The Emperor's Old Clothes

We weren't a week into the Olympic Games when the media blob announced its verdict on the coverage: Nice job, NBC.

"NBC gets it right in Salt Lake," said USA Today in a headline that summed up the blob's consensus: "So far, so better," wrote the paper's Robert Bianco. "Having been roundly criticized after Sydney for its over-packaged, taped coverage that bled the Olympics of any excitement, NBC seems to be on the road to recovery in Salt Lake City."

New York Times television critic Caryn James put it a little differently, but her theme was blobbishly the same: "From NBC, the packaging is sleeker, the commentators less intrusive and the strategy of showing shorter and fewer profiles is a big relief. The coverage of the Olympics is as orchestrated as ever; it just flows with more style than it has before."

What's interesting about these pieces, and others in a similar vein, is that while ostensibly praising NBC, they also show how little we have come to expect from Olympics coverage. The blob is all of us, a rough expression of the collective cultural reaction to big media events. And judging from this week's readout, we are so accustomed to awful Olympics coverage that even the smallest signs of improvement feel miraculous. Like peasants kneeling before a wicked emperor, we thank NBC for throwing us a few crumbs, and acknowledging that we exist.

But should we be satisfied with crumbs? Is merely being "on the road to recovery," or winning a few new style points for a production that's "as orchestrated as ever," good enough? After all, we're talking about an event that's supposed to reflect civilization's noblest ideals, one that not only matters hugely to the public, but is arguably a public possession, in the same category as a speech from the Oval Office or a major congressional hearing.

Even as they welcomed NBC's latest take on the Olympics, both of the above pieces mentioned persistent flaws, particularly the time delays that NBC continues to impose, although with three separate channels (NBC itself, and its cable outlets MSBNC and CNBC), it could deliver much of the action live.

Here is USA Today's version: "Thanks to the Olympics placement on American soil, we're also seeing more events live—though 'live' for NBC is still a relative term. By the time NBC signed on Sunday at 3 p.m. ET, the men's downhill, the ski jumping and the Nordic combined events were already completed—and before the network went off the air, snowboarder Kelly Clark had won the first American gold medal. NBC, however, kept the news to itself."

And here is the Times': " 'Live' is a relative term here. In Sydney, Australia, the excruciating time difference couldn't be ignored; from Salt Lake City, the idea is to ignore the last few hours and let prime time define reality."

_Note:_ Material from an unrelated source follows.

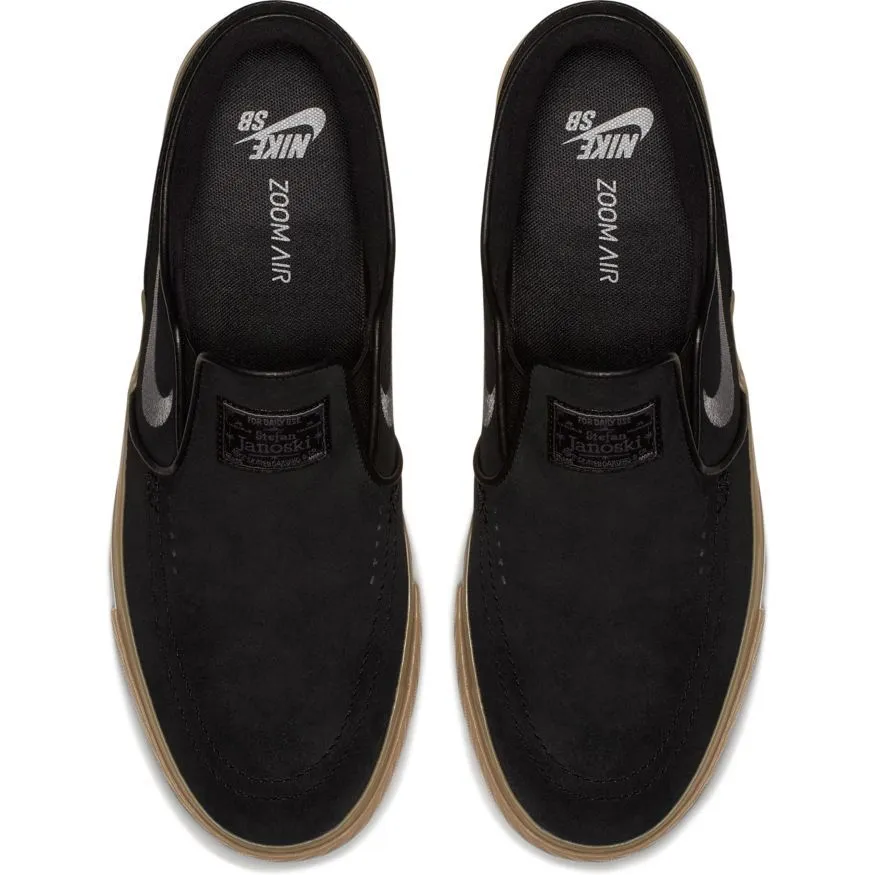 Nike SB Janoski Slip Skate Shoe - Black/Gun Smoke - Gum Light Brown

There's a reason for the delays. Big prime-time viewership means more money for NBC from advertisers, who pay according to audience size.

But that's NBC's problem, not ours, and it's no excuse for robbing the Games of their immediacy and excitement. On the merits alone, NBC's Olympics coverage is still terribly inadequate, and the reason is right in front of us: It's dishonest. There's dishonesty in the needless time delays. In the fake video fire that burns behind Bob Costas in his fake après-ski living room. And in the network's decision to make the Olympics be as much about NBC as about the Games themselves.

The Today show is broadcasting from the Olympics, with Katie and Matt in ski sweaters, sitting behind a bowl of enormous, possibly real, pine cones. The Tonight Show is now The Olympic Tonight Show. Ads for Watching Ellie, the new Julia Louis-Dreyfus sitcom, showing the star in hilarious Olympic situations, are so frequent they've started to meld with the real Games. Some viewers accept all this as hard reality. "With the financial stakes so high, NBC has to speak to an audience that approaches the Olympics as a televised pop-culture spectacle rather than a sports event that happens to be on TV," James writes.

But does it have to be this way? Rather than tinkering with its Olympics coverage just enough to placate the blob, what if NBC, or some other network, did something really radical? Imagine if the Olympics got the kind of coverage it deserves: live and totally unpackaged, with minimal hype and opportunism. Some argue that Americans would never go for this kind of bare unmediated coverage of a public event. But 52 million of us watched the last State of the Union address, which had neither soaring snowboarders nor leggy skaters.

Come to think of it, why not give the Olympics to the most unpackaged network of them all, the one that turns hypeless coverage of public events into a kind of art? C-SPAN does the Olympics! You can almost hear Brian Lamb interviewing Simon Ammann, the first ski-jump gold medalist: "You're from Switzerland. For viewers who might not know, tell us: What is Switzerland?"

C-SPAN might even be angling for the job, in a demure C-SPAN kind of way. Go to its Web site, www.c-span.org, and you'll find a blinking link to a page called "C-SPAN By The Numbers," a list of statistics in the style of "Harper's Index." Here it's noted that in 2000-2001, the average weekly audience for NBC's (hmm, interesting network choice) West Wing was about 17 million viewers. The estimated number of people watching C-SPAN each week? It's 28.5 million. Watch your back, Peacock.